AWS Glue Scala GlueContext APIs - AWS Glue

AWS Glue Scala GlueContext APIs

Package: com.amazonaws.services.glue

class GlueContext extends SQLContext(sc) ( @transient val sc : SparkContext, val defaultSourcePartitioner : PartitioningStrategy )

GlueContext is the entry point for reading and writing a DynamicFrame from and to Amazon Simple Storage Service (Amazon S3), the AWS Glue Data Catalog, JDBC, and so on. This class provides utility functions to create DataSource trait and DataSink objects that can in turn be used to read and write DynamicFrames.

You can also use GlueContext to set a target number of partitions (default 20) in the DynamicFrame if the number of partitions created from the source is less than a minimum threshold for partitions (default 10).

def getCatalogSink

def getCatalogSink( database : String, tableName : String, redshiftTmpDir : String = "", transformationContext : String = "" additionalOptions: JsonOptions = JsonOptions.empty, catalogId: String = null ) : DataSink

Creates a DataSink that writes to a location specified in a table that is defined in the Data Catalog.

  • database — The database name in the Data Catalog.

  • tableName — The table name in the Data Catalog.
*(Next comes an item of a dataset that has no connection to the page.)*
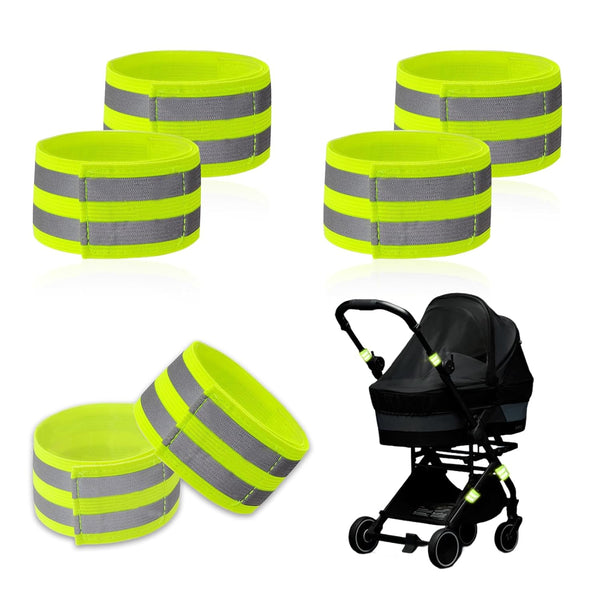 HAVANSIDY 6-Pack of Reflective Bands for Strollers, High Visibility Elastic Reflectors with Velcro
  • redshiftTmpDir — The temporary staging directory to be used with certain data sinks. Set to empty by default.

  • transformationContext — The transformation context that is associated with the sink to be used by job bookmarks. Set to empty by default.

  • additionalOptions – Additional options provided to AWS Glue.

  • catalogId — The catalog ID (account ID) of the Data Catalog being accessed. When null, the default account ID of the caller is used.

Returns the DataSink.

def getCatalogSource

def getCatalogSource( database : String, tableName : String, redshiftTmpDir : String = "", transformationContext : String = "" pushDownPredicate : String = " " additionalOptions: JsonOptions = JsonOptions.empty, catalogId: String = null ) : DataSource

Creates a DataSource trait that reads data from a table definition in the Data Catalog.

  • database — The database name in the Data Catalog.

  • tableName — The table name in the Data Catalog.

  • redshiftTmpDir — The temporary staging directory to be used with certain data sinks. Set to empty by default.

  • transformationContext — The transformation context that is associated with the sink to be used by job bookmarks. Set to empty by default.

  • pushDownPredicate – Filters partitions without having to list and read all the files in your dataset. For more information, see Pre-Filtering Using Pushdown Predicates.

  • additionalOptions – Additional options provided to AWS Glue.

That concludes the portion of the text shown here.